I am representing my 3d data using its sample covariance matrix. I want to know what the determinant of covariance Matrix represents. If the determinant is positive, zero, negative, high positive, high negative, what does it mean or represent?
Thanks
EDIT:
Covariance is being used to represent variance for 3d coordinates that I have. If my covariance matrix A determinant is +100, and the other covariance matrix B determinant is +5. Which of these values show if the variance is more or not. Which value tells that data points are more dispersed. Which value shows that readings are further away from mean.

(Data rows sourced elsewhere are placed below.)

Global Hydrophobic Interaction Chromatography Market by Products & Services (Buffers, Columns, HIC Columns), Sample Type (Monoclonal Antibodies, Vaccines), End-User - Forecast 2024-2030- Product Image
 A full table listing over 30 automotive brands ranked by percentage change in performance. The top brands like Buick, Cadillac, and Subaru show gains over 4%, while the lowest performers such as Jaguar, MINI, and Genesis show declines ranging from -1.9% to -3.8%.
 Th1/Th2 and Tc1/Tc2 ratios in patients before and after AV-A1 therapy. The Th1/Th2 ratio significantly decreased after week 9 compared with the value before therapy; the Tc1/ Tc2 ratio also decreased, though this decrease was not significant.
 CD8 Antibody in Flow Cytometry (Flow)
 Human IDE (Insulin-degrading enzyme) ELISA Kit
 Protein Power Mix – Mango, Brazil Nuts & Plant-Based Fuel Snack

It cannot be negative, since the covariance matrix is positively (not necessary strictly) defined. So all it's eigenvalues are not negative and the determinant is product of these eigenvalues. It defines (square root of this) in certain sense the volume of n (3 in your case) dimensional $\sigma$-cube. It is analog $\sigma$ for 1 dimensional case.
Notice that mulitvarite normal distribution is defined as $$ f_{\mathbf x}(x_1,\ldots,x_k) = \frac{1}{\sqrt{(2\pi)^k|\boldsymbol\Sigma|}} \exp\left(-\frac{1}{2}({\mathbf x}-{\boldsymbol\mu})^T{\boldsymbol\Sigma}^{-1}({\mathbf x}-{\boldsymbol\mu}) \right), $$ Here $|\Sigma|$ is determinant of $\Sigma$.